リードはあまり残さない形で切ってしまいます(私は、はんだ付け後に後で切る派です)。
キースイッチもはんだ付けします(今回はトッププレートは付けていません)。
ファームウェアを焼きこむ
今回のキーボードは矢印キーが無いので、Functionと組み合わせて利用します。
- Vimmer向けとして、Function(以下Fn)とhjklで左上下右に割当が違和感がない
- Home/Endも同様に時々使うので、hjklの右である;’に割当
- 左上ESCはデフォルトで問題ない
- Fnは頻繁に使えるように、右親指直下とする
- 時々使うDeleteは Fn+Backspace だと辛いので、レイヤー0で割当
- 弊社から割当られたPCは日本語版キーボードなので、一工夫
- 英語キーボードを日本語キーボードのPCに接続すると、キー数の不足から入力できない文字が発生する
- 代表的なものは「¥」キー 10 であるため、このキーを割り当てると、英語キーボードを日本語PCに接続しても使える可能性が高まる
- Ejectは用意しよう
- 特殊入力はあまりいらないので、Fnは1つだけとする
- Fnキーは一般的に1種類ですが、MO(Modifier)0, MO1, MO2, と複数登録が可能
- また、MO0とMO1の同時押し、のような設定も可能
- 頑張って複数のModifierを設定すると、訳が分からなくなる可能性が高い
Layer0は、標準の入力状態を示します。MOはModiferキーで、所謂Fnキーです。

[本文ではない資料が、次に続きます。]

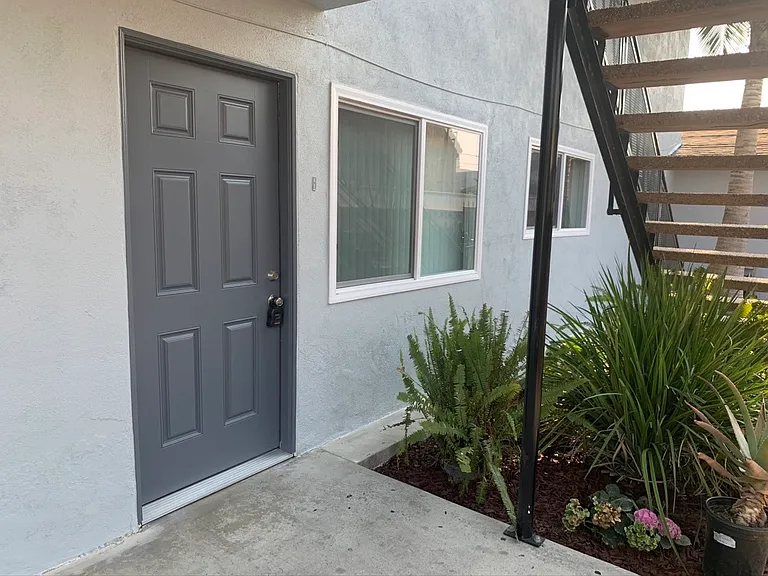 11670 Esther St — Photo 18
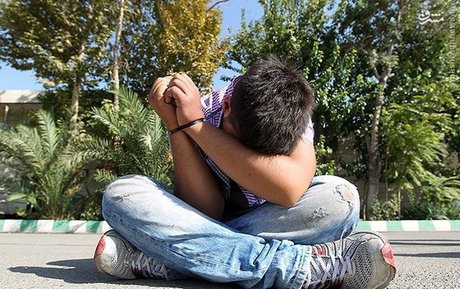 بازداشت کوچکترین زورگیر تهران! (+عکس) بازداشت کوچکترین زورگیر تهران! (+عکس)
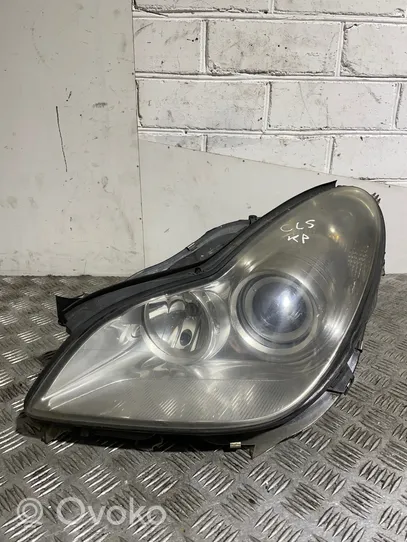 Mercedes-Benz CLS C219 Lampa przednia 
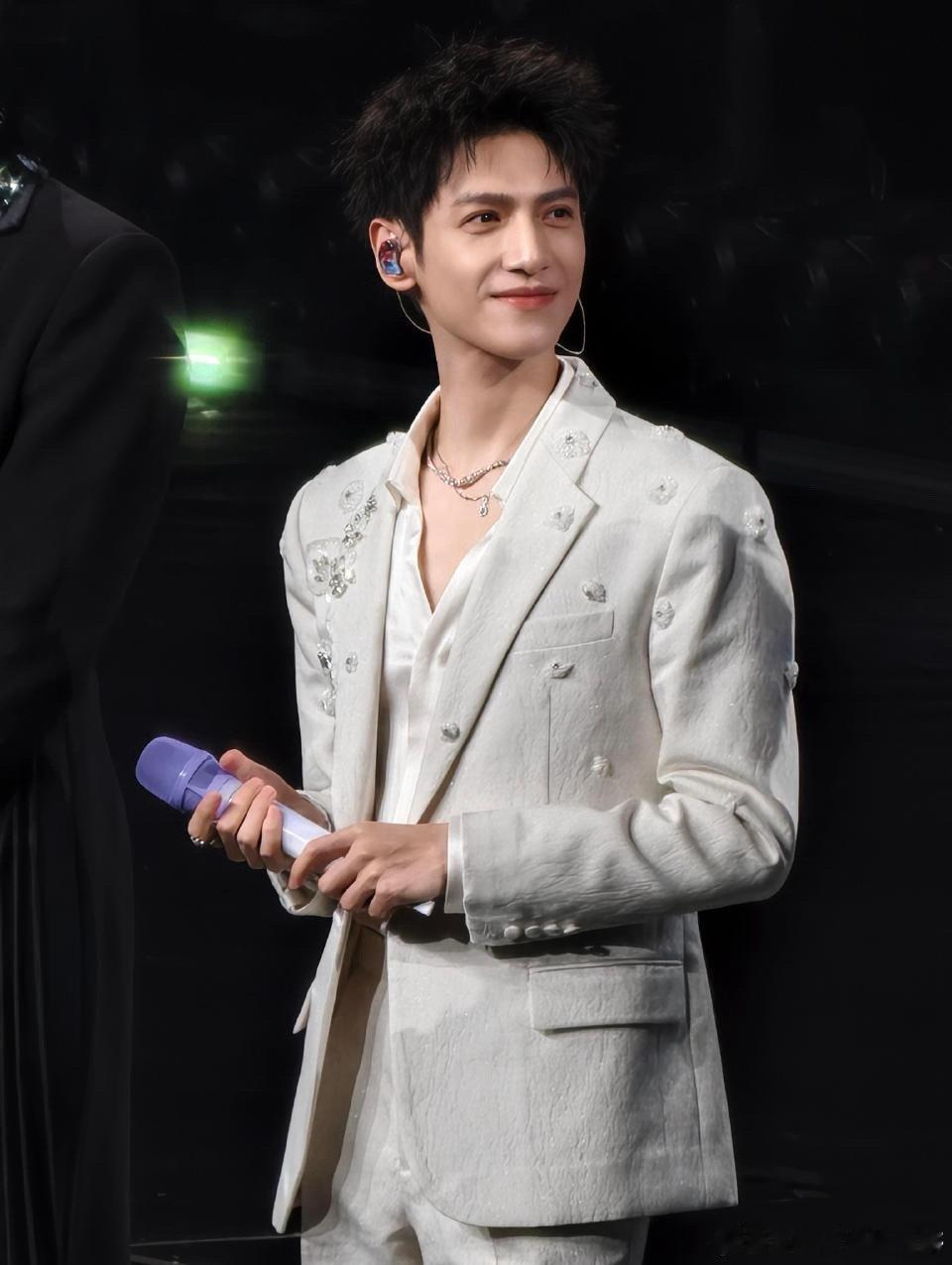 中视同成 接受所有批评 因《水龙吟》上海演唱会引发争议，中视同成发布声明道歉，郑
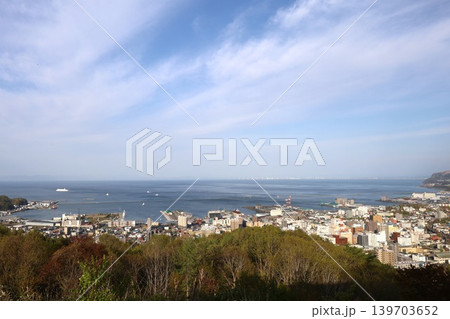 五月の北海道、小樽、小樽市、おたる、漫画やアニメの聖地巡礼、旭展望台より小樽の街並みを望む五月の春 五月の北海道、小樽、小樽市、おたる、漫画やアニメの聖地巡礼、旭展望台より小樽の街並みを望む五月の春 139703652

Layer1は、Layer0の「MO0」と同時押しで入力できます。
得られた知見
勢いでキーボードを2台作りましたが、私としては以下の知見を得られました。
- 知らない領域の知識を得ることは、自己の成長になる
- 知らないことを調べる、必要な知識を必要な時間で得る、等の練習になる
- 身軽に動く訓練になるため、自分の活動範囲が広がる
- ないものは作るのは、すごく楽しい
- 治具が無ければ作ればいいし、キー配置が気に食わなければ自分で作ればいい
- 「6」キーm。が左に欲しい問題を解決するために、基盤を設計する…かもしれません
キーボードは難しい/練習したい という場合は、例えばRiconkenのhifumik(6キー)を作ってみるのがよいかもしれません。ProMicroを使っているので、キーの数以外は仕組みがほぼ同じです。楽にキーボードを作りたければ、DZ60でLED結線済み、キースイッチはソケット型を使うと簡単に作れます。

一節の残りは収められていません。